Although I retired 12 years ago and opted to go to graduate school instead of looking for work right away, I too have faced a brick wall when it came to finding a job after I completed my higher education.
I have a Ph.D. in military sociology, with emphasis on gender issues, yet I have not been able to get an academic job that did not specifically state it has something to do with the military. I am currently in “forced” retirement, blogging on Battleland, volunteering my time with women veterans and other organizations, and teaching part time on line in a Military Studies program for Columbia College of Missouri.
Too young yet for Social Security benefits, I am lucky that I saved money for retirement while I was working, and that I have a fairly generous military retirement from the Navy.

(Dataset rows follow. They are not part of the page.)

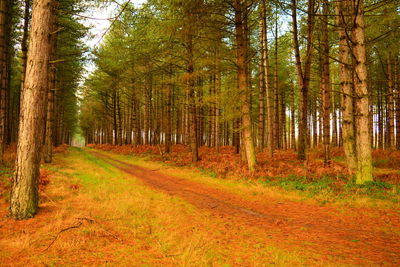 Dirt road amidst trees in forest during autumn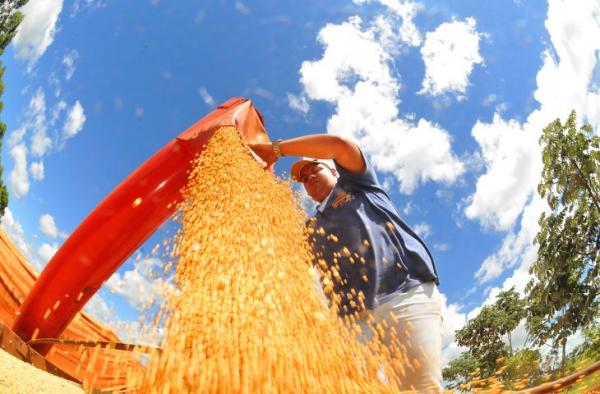 Produtores rurais devem declarar área plantada de soja até o dia 10 de janeiro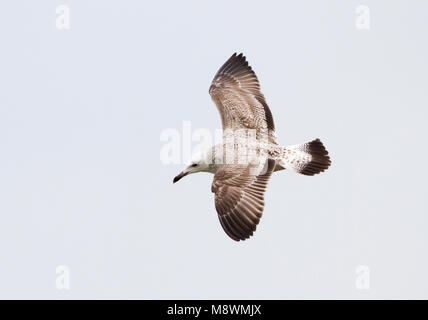 Eerste winter Pontische Meeuw in Vlucht, ersten Winter, Kaspischen Möwe im Flug Stockfoto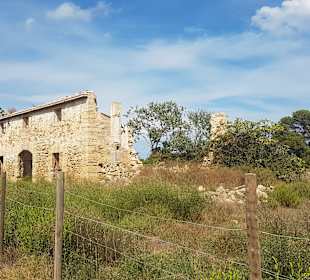 Naturpark S'Albufera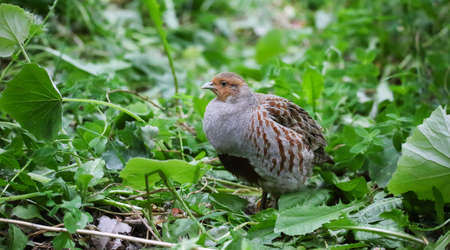 Gray partridge on a nesting place in a wasteland on the outskirts of a large cityの写真素材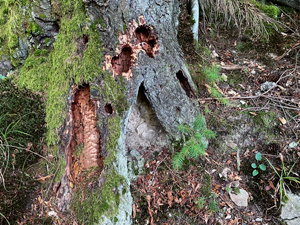 St.Ottilien-Roßkopf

I have chosen to drop out of the work force because I can…but that’s not true for the troops leaving the military post 9/11.

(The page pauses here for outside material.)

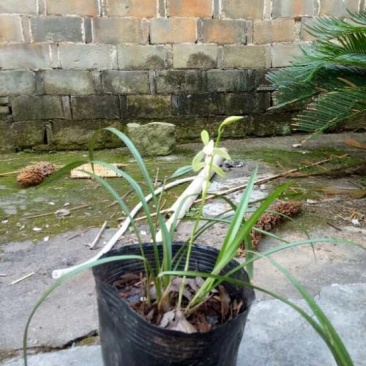 蕙兰不含盆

The unemployment rate for Gulf War Era II male veterans under age 24 was 29.1% in 2011, compared to 17.6% for non-veterans in the same age group. The rate for male veterans age 25 to 34 also was higher than the rate for their non-veteran counterparts (13.4 and 9.5%, respectively).
For women, the stats are even worse: for female veterans under age 24, the unemployment rate was 36.1% as compared to 14.4% for non-veteran females of the same age. But the numbers improve with age: those 25 to 34 had jobless rates of 10.6% and 9.1%, respectively. But it could also be true that some women became so disillusioned — as I did — that they stopped seeking work, and thus are no longer “unemployed.” Along those same lines, homeless female vets are a growing concern of the Department of Veteran Affairs.

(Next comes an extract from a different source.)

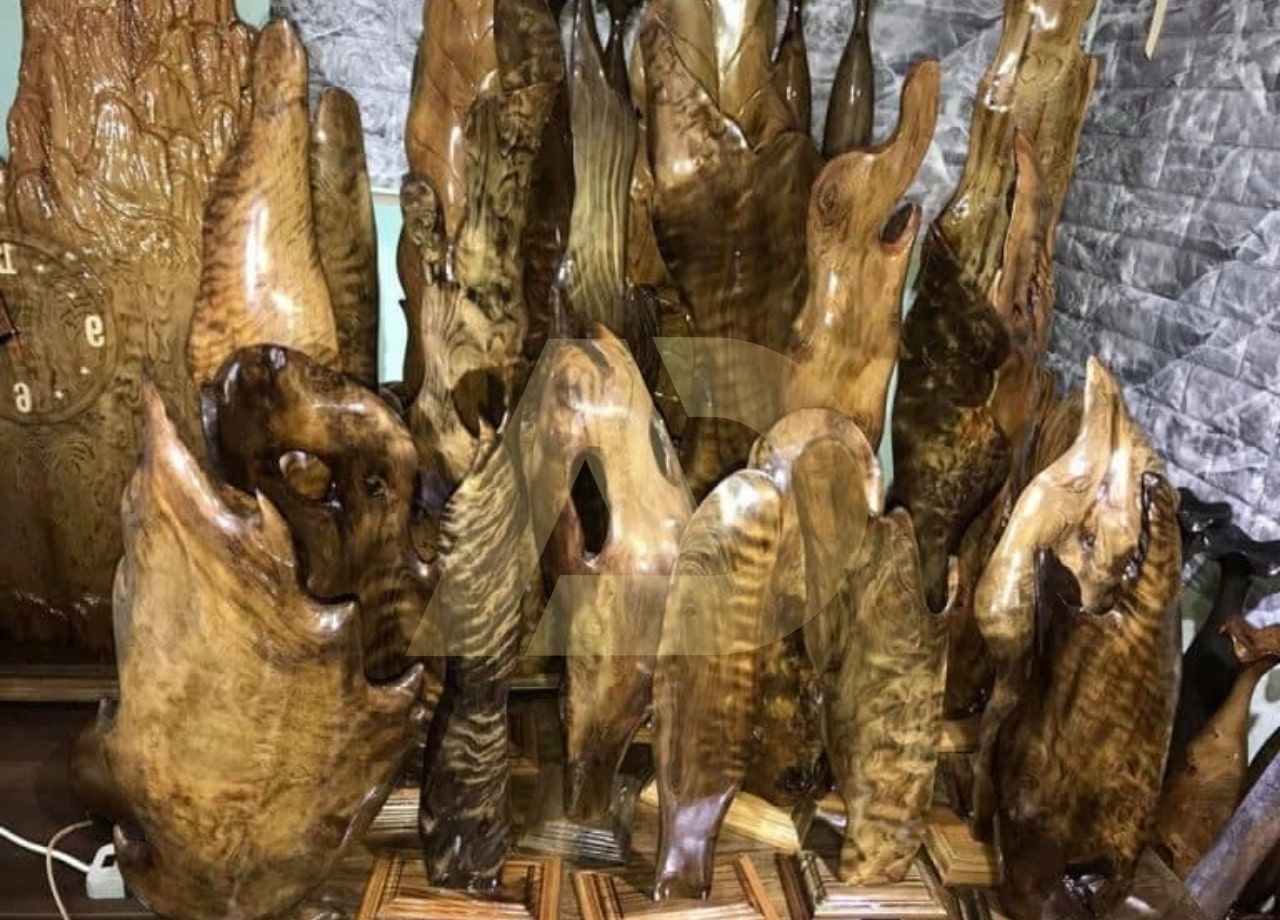 mẫu 10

Part of the problem, as I see it, is the public’s misconception of the changes in moving from a Soldier, Sailor, Airman, or Marine into the civilian workforce. They may think that this transition negatively affects the individual outcome. Perhaps those that don’t know the day to day job requirements (and life-style) of military personnel perceive them as rigid, capable of taking orders but not able to think independently, followers but not leaders, and very conservative. Perspective employers may also fear the repercussions of Post-Traumatic Stress, or perceive all vets as war-mongering villains, easily able to kill without conscience.
However, the reality is that military veterans are as different from each other as they are the same.
We are not stereotypically rigid, conservative, or unable to think for ourselves. On the contrary, the military provides not only job training, much of which is directly applicable to the civilian workplace, but it also instills a sense of confidence, patriotism, a “can do” work ethic, and the military also develops leadership from day one, even if it is only supervising one person at a time.
As an individual rises in rank, so does his or her responsibility to others and the unit, including increased supervisory roles, as well as the encouragement to innovate as needed to get the job done. This goes from the most junior enlisted person to the most senior ranking officer. The military’s training programs are the equivalent of college courses. In fact, there is a system for veterans to translate such training into college credits.
Yet, unemployment for young veterans is unequally high. Sure, there are many programs for vets to get additional job training, resume-writing workshops, veterans’ job fairs. But the bottom line is America is not hiring.
Senator Patty Murray (D-Wash.), chair of the veteran affairs committee, has a five-step plan to get more veterans hired by the private sector. But while educating human-resource professionals about the benefits a veteran can bring to their workplace is a start (as are her other steps), the key problem remains the fear of the unknown.
In a country where only 1% of the population serves in the military, the other 99% only has what he or she reads in papers or magazines, sees in the news or online, or hears on the radio, to mold their opinion. It would help to enlist our powerful national media in this quest. A media plan developed by the Department of Veteran Affairs, by Congress, or by the Department of Defense could go far to help instruct the public on what being a Soldier, Sailor, Airman, or Marine means, and — most importantly — why hiring veterans could be the best thing, not only for the individual and the company, but for America’s future.